В условиях фронтовой жизни, когда бойцы находятся на позиции, охватить всех своим вниманием в равной степени замполит роты, конечно, не мог. И тогда в помощь ему назначались агитаторы – грамотные бойцы и младшие командиры, не обязательно члены партии. Как правило, они читали бойцам материалы из газет и сводок Информбюро о положении на фронтах, вели беседы по прочитанному. От агитатора требовалось не только понимание предмета, о котором он говорил с другими, но и умение убеждать, внушать веру в свои слова.
Писатель, а в годы войны фронтовой журналист, Александр Чаковский приводит в своей повести «Военный корреспондент (Это было в Ленинграде)» такую сцену:
«Мы вышли из машины и пошли к развалинам.
Немецкая артиллерия била не умолкая. Снаряды ложились правее нас, где-то в районе переправы. Подул холодный ветер, начинало морозить.
Было видно, как горят костры в подвалах сохранившихся домов. Я заглянул в один из подвалов. Там тоже горел костёр, и группа бойцов грелась у огня.
Никто не обернулся, когда мы вошли. Бойцы сидели вокруг костра и слушали кого-то. Говорила женщина. Мы не видели её лица, она сидела спиной к нам.
Мы тихо обошли круг, чтобы увидеть лицо говорившей. Это была совсем ещё молодая девушка. На вид ей нельзя было дать больше восемнадцати лет. У неё был очень высокий голос.
Девушка говорила о Ленинграде. Я понял это не сразу. Она не произносила слово «Ленинград». Девушка говорила «он», и мне сначала показалось, что речь идёт о каком-то человеке.
Девушка говорила о бомбёжках, артиллерийских обстрелах и о пожарах в городе. Она сказала, что Гостиный двор горел…
Наконец девушка кончила говорить.
Я подошёл и спросил, давно ли она из Ленинграда. Но девушка ответила, что никогда там и не была, а всё это только слышала и читала. Она агитатор полка и всю жизнь провела в Забайкалье…
– Вот кончится война, – сказала девушка, – тогда обязательно в Ленинград поеду…»

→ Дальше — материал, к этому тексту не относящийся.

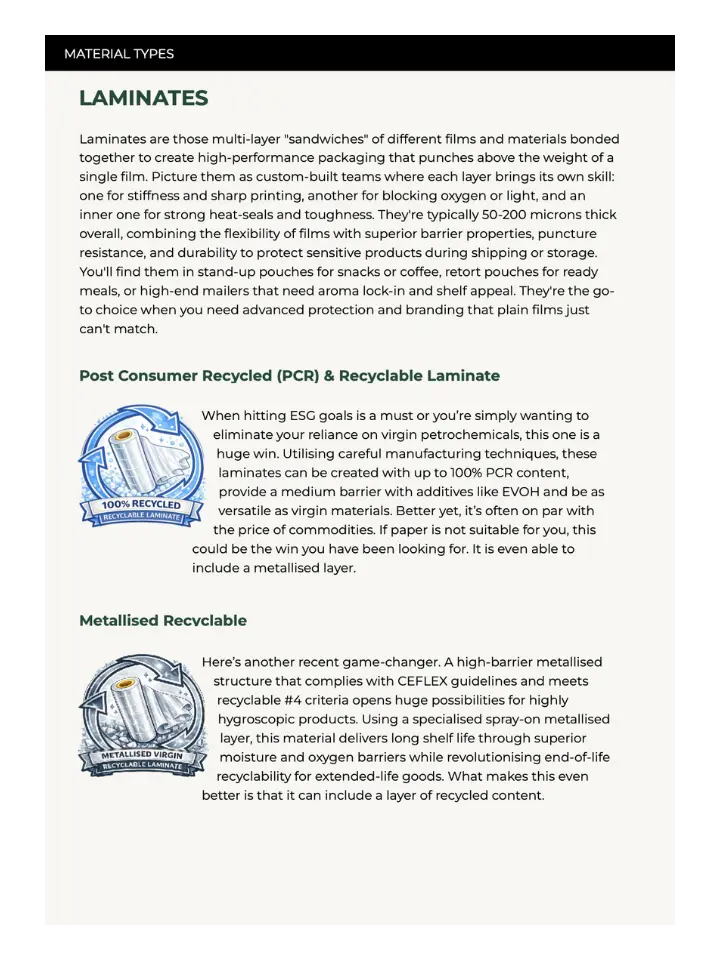 Interior page of the Sustainable Coffee Packaging buyer's guide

Б. Ф. Редько, бывший до войны учителем, вспоминает, как инструктор по пропаганде и агитации полка назначил его агитатором минометного взвода:
«– Политрук роты и комиссар полка, – говорил он, – помогут вам, обеспечат нужным материалом.
Сам он дал мне номера «Правды», «Красной звезды», «Ленинградской правды», а также армейской и дивизионной газеты. По их материалам я и начал агитационную работу.

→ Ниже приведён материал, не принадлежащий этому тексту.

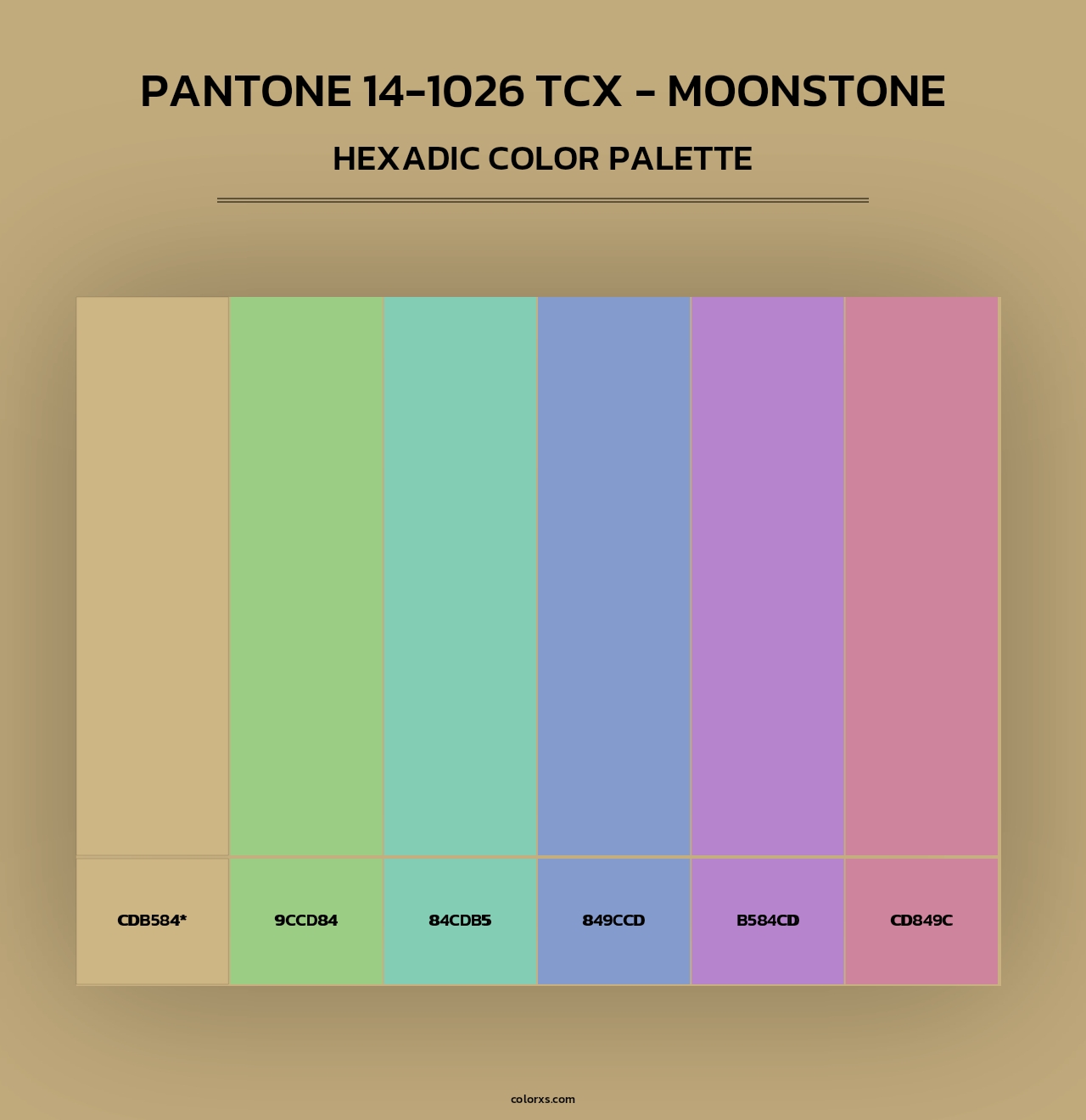 PANTONE 14-1026 TCX - Moonstone - Hexadic Color Palette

Запомнилась первая беседа о жизни и борьбе ленинградцев, находившихся в блокаде. Все мы знали, что рабочие города на Неве получают в день всего по 250 граммов хлеба, а служащие и дети – и того меньше. Знали, что от бомбежек, обстрелов и голода тысячи мирных людей погибли. Положение Ленинграда чрезвычайно волновало всех нас.

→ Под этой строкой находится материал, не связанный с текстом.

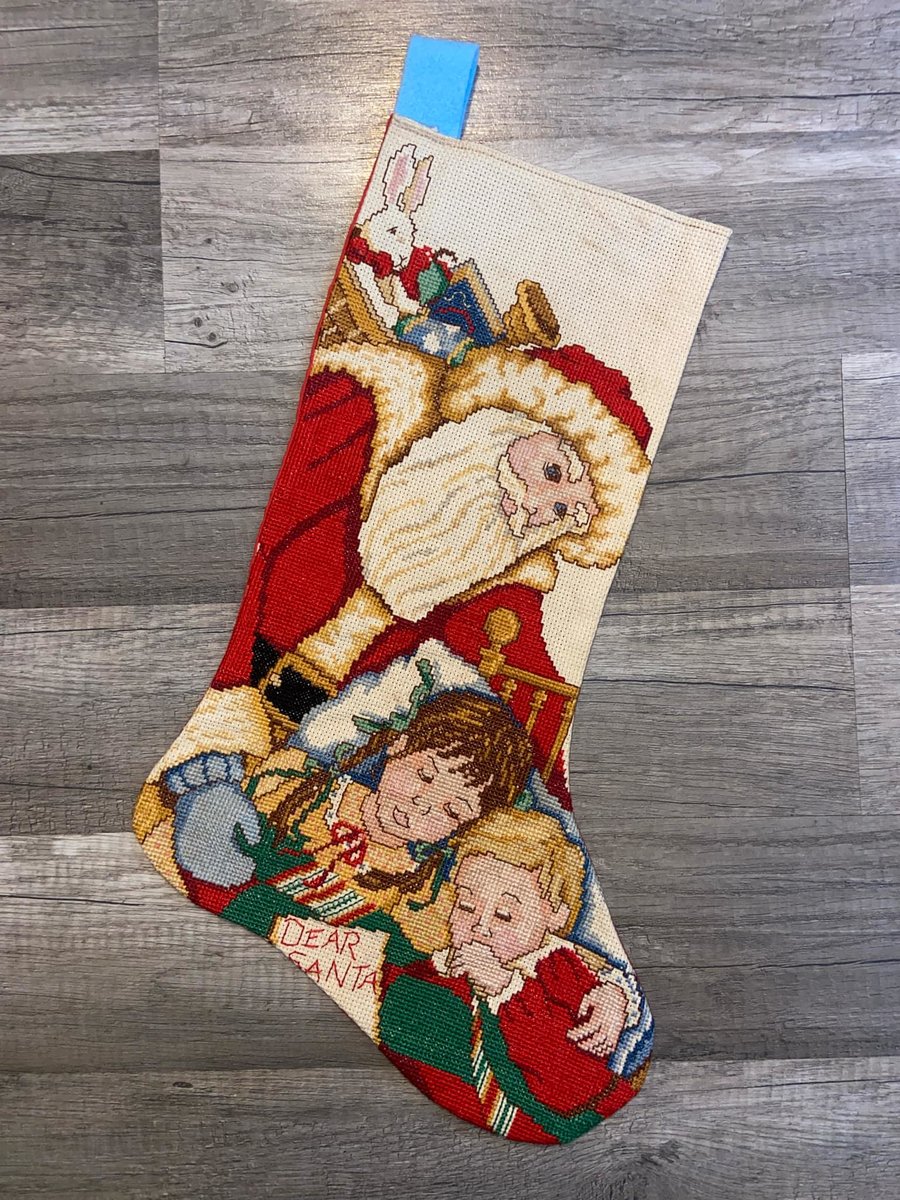 Christmas Stocking | Handmade Counted Cross Stitch | Vintage BUCILLA Visions of Sugarplums Finished Embroidered Stocking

Я подобрал много фактов, которые свидетельствовали о стойкости ленинградцев, их непоколебимой вере в победу, и рассказал о них гвардейцам. Мои товарищи узнали из беседы, что ленинградские рабочие не только ремонтируют боевую технику, создают оружие и боеприпасы, но и сохраняют исторические, культурные ценности. Они частично восстановили трамвайное движение, водопровод…
– Ленинград держится, борется, живет и ждет нас, – говорил я своим однополчанам. – Ждет подвига гвардейцев в боях при прорыве блокады».
Вот так непосредственно на переднем крае вели свою воспитательную работу политорганы Красной Армии.
Вернемся к положению на Северо-Западном направлении в конце 1941 – начале 1942 гг.
Если успешное в целом наступление наших войск с востока позволило освободить железнодорожную линию Тихвин – Волхов и наладить многоступенчатое снабжение Ленинграда: по «железке» – ледовой «Дороге жизни» – снова по «железке», то действия 54-й армии с севера в направлении железнодорожного участка Мга – Кириши встретили упорное сопротивление врага. К началу января 1942 г., наступая, наши продвинулись едва на 4 – 5 км, но закрепиться не смогли, и были оттеснены немцами на исходные рубежи.